On ne peut pas tout faire, ou tout refaire. On laissera de côté Pierrefiche, Montredon, l’église et le Dolmen de St Martin du Larzac, tout proches pourtant du site des Baumes que l’on revoit avec plaisir. Des travaux tout récents ont consolidé la muraille sous la falaise, le tourneur de bois officie toujours en ce lieu dolomitique singulier.
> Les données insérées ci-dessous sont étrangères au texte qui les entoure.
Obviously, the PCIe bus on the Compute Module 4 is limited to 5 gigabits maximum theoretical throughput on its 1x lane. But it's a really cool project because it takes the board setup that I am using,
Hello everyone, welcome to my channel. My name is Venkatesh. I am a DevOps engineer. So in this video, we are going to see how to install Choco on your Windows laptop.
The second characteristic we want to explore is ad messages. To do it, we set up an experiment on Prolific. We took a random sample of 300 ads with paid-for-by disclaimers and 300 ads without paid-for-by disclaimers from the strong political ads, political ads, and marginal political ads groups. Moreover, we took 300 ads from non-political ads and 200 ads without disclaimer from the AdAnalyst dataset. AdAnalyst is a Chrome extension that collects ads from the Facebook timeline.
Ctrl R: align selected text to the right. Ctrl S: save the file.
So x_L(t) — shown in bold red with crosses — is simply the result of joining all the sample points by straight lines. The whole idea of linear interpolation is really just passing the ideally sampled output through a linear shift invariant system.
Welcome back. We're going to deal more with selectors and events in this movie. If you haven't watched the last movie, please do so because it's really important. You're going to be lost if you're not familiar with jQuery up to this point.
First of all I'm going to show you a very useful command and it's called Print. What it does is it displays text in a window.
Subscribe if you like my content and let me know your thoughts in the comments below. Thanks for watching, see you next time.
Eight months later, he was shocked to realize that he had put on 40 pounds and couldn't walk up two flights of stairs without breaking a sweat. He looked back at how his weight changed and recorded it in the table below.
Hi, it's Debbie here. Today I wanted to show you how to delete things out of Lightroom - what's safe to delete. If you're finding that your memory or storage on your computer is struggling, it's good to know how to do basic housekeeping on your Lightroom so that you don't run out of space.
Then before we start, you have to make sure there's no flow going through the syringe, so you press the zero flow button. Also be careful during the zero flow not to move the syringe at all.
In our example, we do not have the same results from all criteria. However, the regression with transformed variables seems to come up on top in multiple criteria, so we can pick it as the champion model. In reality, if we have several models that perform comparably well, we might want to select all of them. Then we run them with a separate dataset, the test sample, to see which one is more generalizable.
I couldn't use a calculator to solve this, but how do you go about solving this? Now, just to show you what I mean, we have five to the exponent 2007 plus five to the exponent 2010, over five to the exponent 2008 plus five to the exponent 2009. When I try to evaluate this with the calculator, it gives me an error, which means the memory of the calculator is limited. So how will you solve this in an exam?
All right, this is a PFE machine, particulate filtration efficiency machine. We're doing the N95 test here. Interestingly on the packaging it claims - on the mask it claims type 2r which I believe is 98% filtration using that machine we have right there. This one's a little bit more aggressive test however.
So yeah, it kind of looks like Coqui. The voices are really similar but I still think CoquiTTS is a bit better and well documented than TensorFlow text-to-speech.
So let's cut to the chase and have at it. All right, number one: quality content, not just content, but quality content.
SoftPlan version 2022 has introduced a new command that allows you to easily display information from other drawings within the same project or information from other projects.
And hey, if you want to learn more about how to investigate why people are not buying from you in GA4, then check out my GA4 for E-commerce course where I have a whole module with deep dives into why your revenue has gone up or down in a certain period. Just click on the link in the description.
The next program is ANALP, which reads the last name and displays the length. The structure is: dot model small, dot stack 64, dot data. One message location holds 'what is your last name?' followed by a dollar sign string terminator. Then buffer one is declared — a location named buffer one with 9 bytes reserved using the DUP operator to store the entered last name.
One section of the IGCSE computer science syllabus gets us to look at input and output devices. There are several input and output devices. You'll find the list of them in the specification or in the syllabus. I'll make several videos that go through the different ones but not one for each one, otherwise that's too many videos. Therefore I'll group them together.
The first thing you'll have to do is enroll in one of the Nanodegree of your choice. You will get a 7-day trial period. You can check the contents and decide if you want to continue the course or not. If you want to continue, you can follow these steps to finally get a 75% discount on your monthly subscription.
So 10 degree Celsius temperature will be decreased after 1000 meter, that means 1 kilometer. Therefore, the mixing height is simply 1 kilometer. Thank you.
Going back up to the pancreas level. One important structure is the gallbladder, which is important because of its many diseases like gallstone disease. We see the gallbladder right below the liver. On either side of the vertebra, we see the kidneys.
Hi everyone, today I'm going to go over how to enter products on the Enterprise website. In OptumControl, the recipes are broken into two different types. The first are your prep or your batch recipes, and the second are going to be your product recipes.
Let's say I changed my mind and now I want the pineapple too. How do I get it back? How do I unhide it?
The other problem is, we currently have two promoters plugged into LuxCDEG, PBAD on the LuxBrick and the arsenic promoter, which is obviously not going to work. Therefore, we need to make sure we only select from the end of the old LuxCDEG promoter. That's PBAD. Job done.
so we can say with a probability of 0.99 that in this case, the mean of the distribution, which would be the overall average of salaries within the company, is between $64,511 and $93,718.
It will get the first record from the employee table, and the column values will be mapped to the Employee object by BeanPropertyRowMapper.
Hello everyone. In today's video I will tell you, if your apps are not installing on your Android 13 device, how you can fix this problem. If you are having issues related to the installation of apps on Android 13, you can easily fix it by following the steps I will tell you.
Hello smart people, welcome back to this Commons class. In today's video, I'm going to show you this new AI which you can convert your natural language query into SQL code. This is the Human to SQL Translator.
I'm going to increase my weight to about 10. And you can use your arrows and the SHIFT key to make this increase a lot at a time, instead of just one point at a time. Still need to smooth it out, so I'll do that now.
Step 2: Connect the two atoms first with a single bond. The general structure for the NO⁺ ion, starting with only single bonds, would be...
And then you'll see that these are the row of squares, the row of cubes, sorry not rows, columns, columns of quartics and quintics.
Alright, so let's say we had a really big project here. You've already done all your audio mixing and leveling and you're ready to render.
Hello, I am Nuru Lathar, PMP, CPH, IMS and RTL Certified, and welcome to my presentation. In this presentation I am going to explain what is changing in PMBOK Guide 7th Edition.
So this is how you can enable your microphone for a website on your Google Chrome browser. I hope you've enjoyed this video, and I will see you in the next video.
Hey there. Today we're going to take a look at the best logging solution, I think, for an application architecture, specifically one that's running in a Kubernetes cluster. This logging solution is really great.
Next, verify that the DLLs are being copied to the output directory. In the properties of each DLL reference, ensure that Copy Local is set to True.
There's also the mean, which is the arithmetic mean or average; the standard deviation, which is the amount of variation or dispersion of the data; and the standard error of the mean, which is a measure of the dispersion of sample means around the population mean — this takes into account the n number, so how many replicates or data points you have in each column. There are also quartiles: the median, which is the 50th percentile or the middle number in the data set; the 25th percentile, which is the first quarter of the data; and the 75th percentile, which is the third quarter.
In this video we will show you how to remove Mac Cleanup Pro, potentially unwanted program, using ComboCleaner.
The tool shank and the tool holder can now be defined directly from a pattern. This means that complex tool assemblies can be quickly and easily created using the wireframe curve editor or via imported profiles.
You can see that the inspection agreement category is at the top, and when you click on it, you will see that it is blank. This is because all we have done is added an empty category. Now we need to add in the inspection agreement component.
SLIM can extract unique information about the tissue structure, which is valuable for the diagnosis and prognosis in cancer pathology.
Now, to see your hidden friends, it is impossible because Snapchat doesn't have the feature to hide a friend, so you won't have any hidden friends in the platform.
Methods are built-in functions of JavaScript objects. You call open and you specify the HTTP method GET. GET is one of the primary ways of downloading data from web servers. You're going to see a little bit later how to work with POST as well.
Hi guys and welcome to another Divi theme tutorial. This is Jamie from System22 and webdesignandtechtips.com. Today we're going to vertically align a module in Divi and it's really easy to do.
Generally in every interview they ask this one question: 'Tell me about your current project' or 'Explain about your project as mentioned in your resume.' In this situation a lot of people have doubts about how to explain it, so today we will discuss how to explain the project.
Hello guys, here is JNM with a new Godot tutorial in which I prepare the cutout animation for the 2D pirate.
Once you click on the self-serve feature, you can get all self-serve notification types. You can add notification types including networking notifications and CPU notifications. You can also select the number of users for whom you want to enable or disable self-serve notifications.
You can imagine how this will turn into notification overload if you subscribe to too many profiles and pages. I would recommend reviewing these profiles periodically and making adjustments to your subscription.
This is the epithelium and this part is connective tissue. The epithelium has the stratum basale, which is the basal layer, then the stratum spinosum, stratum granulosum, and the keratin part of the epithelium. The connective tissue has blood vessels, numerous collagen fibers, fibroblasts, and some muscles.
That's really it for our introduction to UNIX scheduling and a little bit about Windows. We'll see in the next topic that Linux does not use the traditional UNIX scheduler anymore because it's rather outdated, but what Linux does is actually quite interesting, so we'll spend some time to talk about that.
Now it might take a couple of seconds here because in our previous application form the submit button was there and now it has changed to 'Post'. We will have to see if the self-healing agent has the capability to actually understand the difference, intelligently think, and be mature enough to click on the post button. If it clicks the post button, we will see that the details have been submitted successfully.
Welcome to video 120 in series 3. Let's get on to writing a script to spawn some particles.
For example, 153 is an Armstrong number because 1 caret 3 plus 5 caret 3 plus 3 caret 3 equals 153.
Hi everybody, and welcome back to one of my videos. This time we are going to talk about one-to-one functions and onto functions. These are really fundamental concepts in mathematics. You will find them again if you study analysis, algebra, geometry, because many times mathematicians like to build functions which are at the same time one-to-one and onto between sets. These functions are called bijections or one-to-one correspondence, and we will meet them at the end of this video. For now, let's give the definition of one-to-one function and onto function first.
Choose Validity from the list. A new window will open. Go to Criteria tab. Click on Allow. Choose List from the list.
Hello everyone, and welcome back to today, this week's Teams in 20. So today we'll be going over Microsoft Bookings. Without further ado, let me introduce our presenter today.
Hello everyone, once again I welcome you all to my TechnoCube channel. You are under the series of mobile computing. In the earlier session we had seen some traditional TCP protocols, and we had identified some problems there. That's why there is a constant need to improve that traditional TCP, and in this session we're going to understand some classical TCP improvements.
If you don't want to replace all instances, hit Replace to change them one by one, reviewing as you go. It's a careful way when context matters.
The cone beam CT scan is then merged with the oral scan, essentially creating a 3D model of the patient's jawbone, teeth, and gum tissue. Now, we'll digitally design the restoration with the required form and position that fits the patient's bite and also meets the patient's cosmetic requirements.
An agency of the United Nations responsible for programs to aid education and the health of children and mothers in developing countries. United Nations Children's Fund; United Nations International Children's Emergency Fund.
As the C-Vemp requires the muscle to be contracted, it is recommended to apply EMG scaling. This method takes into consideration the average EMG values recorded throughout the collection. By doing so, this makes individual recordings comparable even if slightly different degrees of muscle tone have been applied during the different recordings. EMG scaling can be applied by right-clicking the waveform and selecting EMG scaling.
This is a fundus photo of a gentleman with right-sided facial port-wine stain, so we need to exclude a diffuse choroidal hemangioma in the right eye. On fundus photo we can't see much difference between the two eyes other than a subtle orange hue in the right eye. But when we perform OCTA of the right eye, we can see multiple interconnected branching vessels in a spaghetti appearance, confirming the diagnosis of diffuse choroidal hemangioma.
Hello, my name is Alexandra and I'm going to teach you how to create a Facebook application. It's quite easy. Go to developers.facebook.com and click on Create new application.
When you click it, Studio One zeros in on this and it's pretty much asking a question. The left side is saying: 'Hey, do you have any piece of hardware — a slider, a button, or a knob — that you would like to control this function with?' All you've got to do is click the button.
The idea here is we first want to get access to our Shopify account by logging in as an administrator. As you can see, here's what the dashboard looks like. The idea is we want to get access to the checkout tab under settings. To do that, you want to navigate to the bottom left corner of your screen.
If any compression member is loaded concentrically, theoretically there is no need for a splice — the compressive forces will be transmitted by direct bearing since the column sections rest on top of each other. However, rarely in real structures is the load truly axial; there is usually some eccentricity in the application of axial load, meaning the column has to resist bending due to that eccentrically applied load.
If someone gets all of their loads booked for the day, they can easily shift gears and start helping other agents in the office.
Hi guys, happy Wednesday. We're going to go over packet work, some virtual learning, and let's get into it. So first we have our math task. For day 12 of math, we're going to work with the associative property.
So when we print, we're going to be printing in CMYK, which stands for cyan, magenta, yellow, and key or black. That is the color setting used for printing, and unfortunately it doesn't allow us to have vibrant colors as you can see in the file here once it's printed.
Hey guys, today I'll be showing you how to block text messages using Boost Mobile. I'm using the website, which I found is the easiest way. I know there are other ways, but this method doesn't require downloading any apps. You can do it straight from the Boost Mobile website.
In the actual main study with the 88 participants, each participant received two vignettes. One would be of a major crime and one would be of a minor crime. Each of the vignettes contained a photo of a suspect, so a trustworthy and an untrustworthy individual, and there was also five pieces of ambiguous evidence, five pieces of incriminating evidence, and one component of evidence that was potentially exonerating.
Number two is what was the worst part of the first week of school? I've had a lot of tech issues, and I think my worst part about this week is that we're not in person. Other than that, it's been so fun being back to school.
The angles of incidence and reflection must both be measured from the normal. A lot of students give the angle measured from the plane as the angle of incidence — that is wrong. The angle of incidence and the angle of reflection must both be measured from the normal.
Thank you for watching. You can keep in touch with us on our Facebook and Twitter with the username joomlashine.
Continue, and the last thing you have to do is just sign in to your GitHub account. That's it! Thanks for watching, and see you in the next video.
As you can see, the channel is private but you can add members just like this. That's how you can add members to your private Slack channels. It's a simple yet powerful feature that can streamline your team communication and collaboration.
Le Larzac n’est pas l’entité lunaire et vouée au pacage des troupeaux de brebis dans une lande pauvre sous le ciel : nous finirons la boucle par les pinèdes bleutées aux innombrables troncs rouges – l’armée s’est fait un plaisir de s’approprier quelques paquets d’hectares pour ses manœuvres pas agricoles pour un sou -  et par la partie parmi les plus verdoyantes et boisées du causse larzacien, j’ai nommé l’ubac de l’Hospitalet, où l’on voit des hêtres et des châtaigniers comme si l’on était au fin fond d’une serre cévenole gardoise derrière l’Aigoual.
 
Josette qui ne peut encore serrer un guidon à cause d’une mauvaise chute en juin dernier nous servira à notre arrivée mieux que le café du matin : des biscuits, du gâteau fait main, des boissons, pour tous les goûts.  Halte debout sur la placette aux cygnes, cordiale, qui scelle la continuité de notre groupe informel au fil des ans. Il ne fallait pas compter sur le café du village qui a mis la clé sous la porte faute de volonté de reprise (mais au fait, après tout, le restaurant à la sortie du Caylar a bien refait peau neuve après des années d’abandon, j’ai vu ça aussi ce matin : rien n’est définitivement perdu !).
A la revoyure pour le temps des châtaignes, même si ça se passera a priori entre les vignes du terroir Biterrois : la bicyclette ainsi entendue doit poursuivre sa route !
 
Victor, vétéran senior pas encore jubilado.